> _MATERIAL SUPPLIED_
- Opening Delimiter -

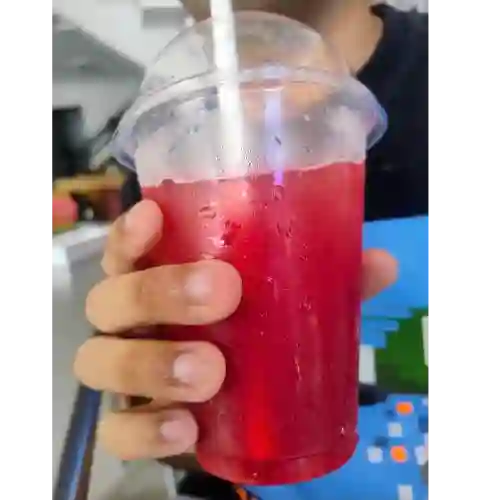 Soda frutos rojos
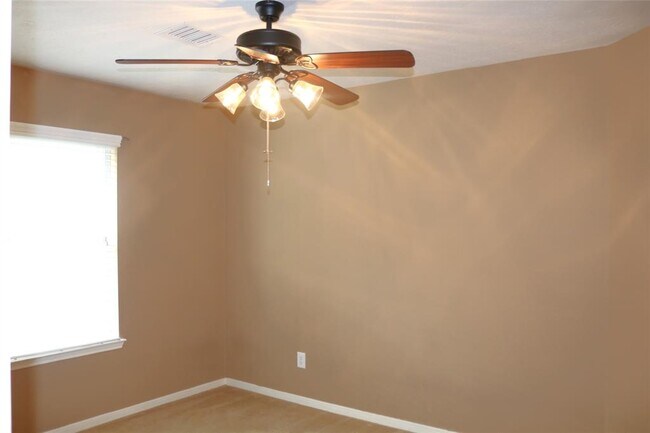 Building Photo - 15107 Summer Sunset Dr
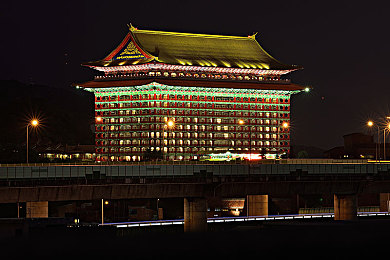 黄色软件大全下载oppo：霓虹夜幕下的非法引擎，雨夜街头与规则竞速-2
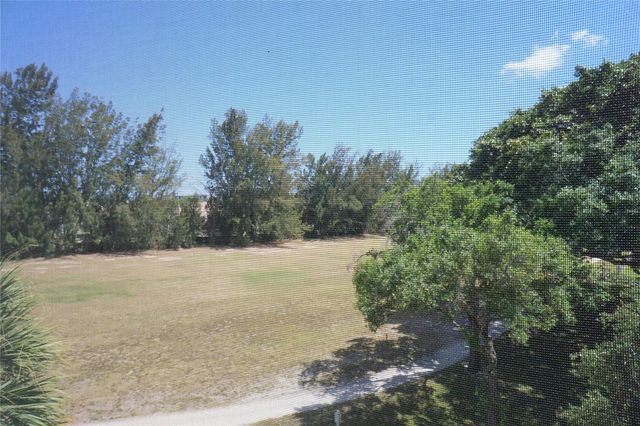 2600 S COURSE Drive 410, Pompano Beach, FL 33069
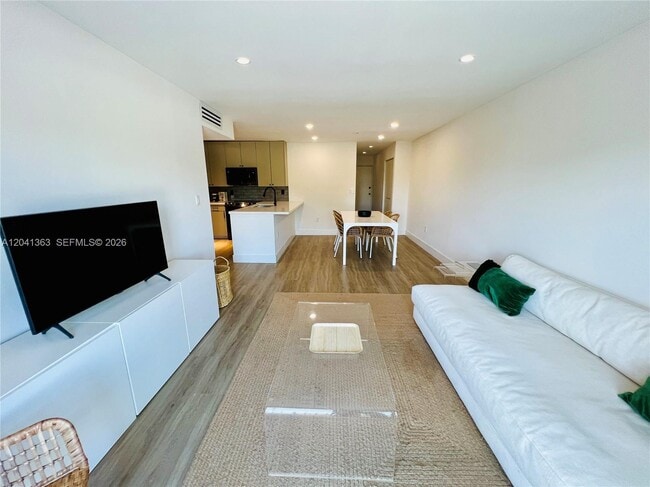 1900 Meridian Ave Unit 306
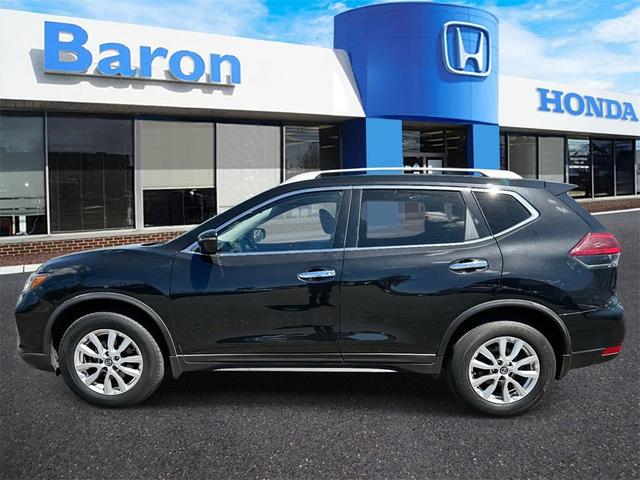 Photo of 2019 Magnetic Black Nissan Rogue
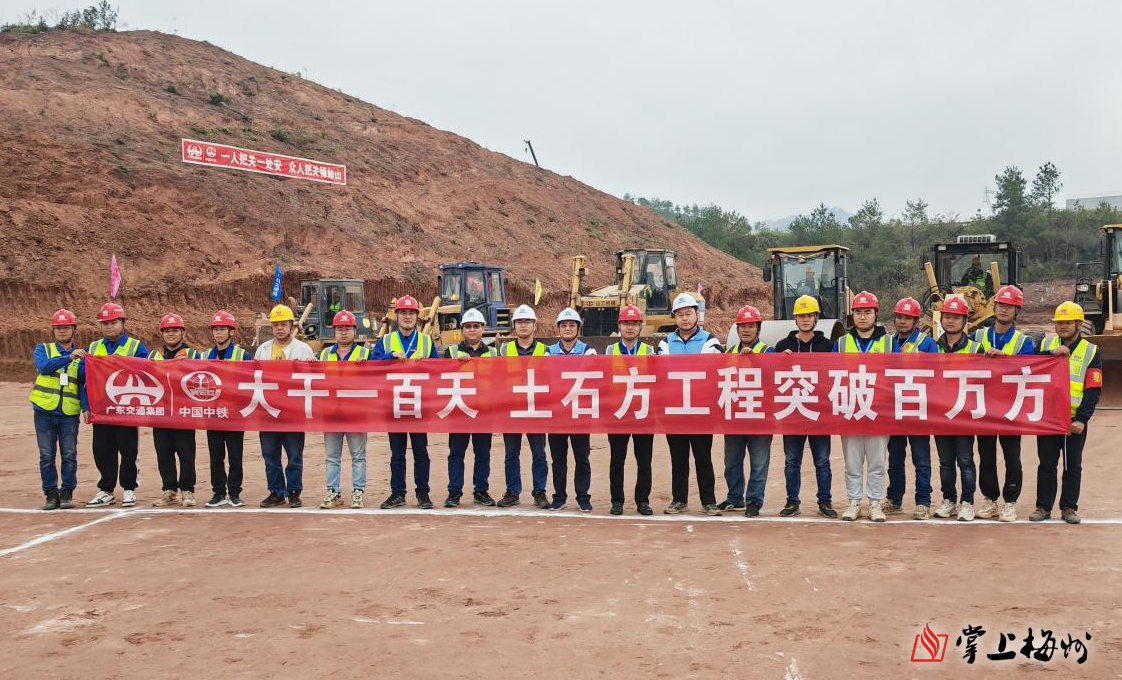 服裝時尚短款搭配女生（服裝時尚短款搭配女生好看嗎）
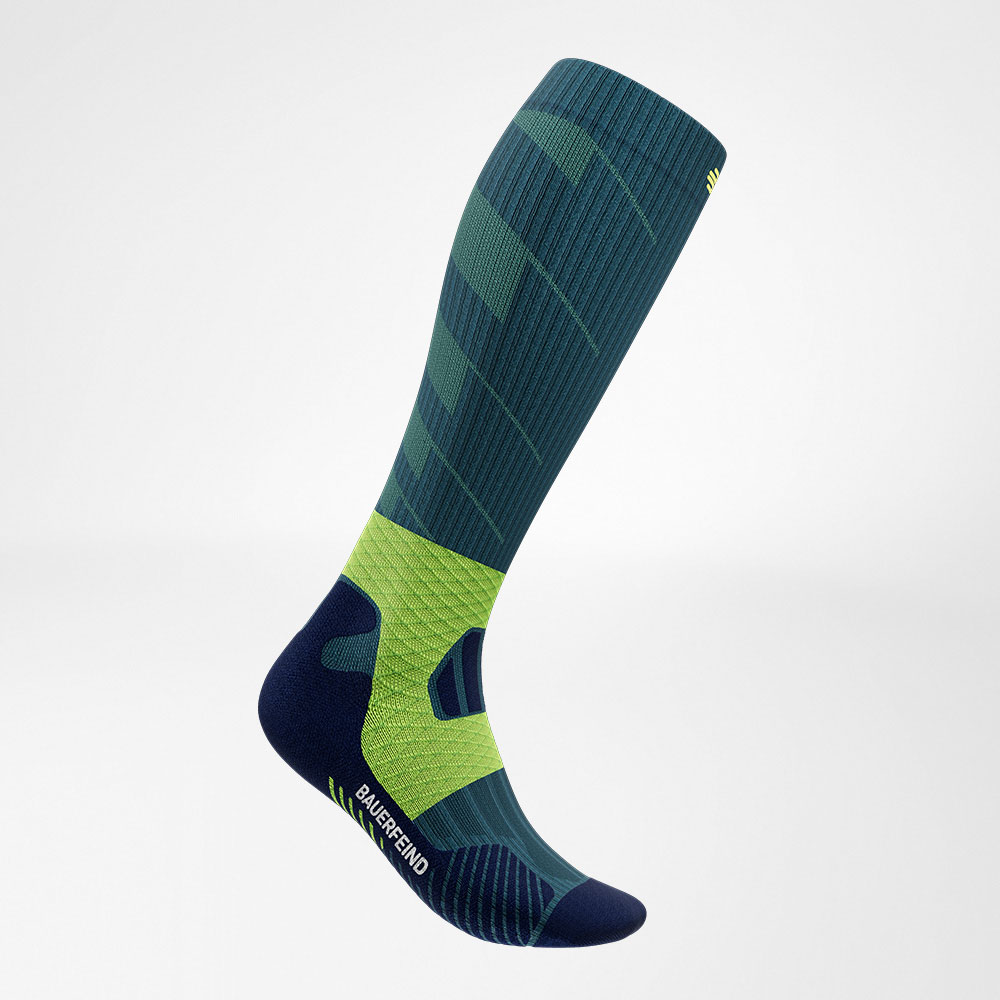 Trailrun-Laufsocken blau-grün Vorderansicht schräg Seitliche Vorderansicht der blau-grünen Trailrun - Laufsocken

- Closing Delimiter -

> _ASSIGNMENT_
Exactly the lines from the one that contains "Photo of 2019 Magnetic Black Nissan Rogue" through the final line of the records above are needed, given again word for word, with every picture left out.

> _PROBLEM SOLUTION_
 Photo of 2019 Magnetic Black Nissan Rogue
 服裝時尚短款搭配女生（服裝時尚短款搭配女生好看嗎）
 Trailrun-Laufsocken blau-grün Vorderansicht schräg Seitliche Vorderansicht der blau-grünen Trailrun - Laufsocken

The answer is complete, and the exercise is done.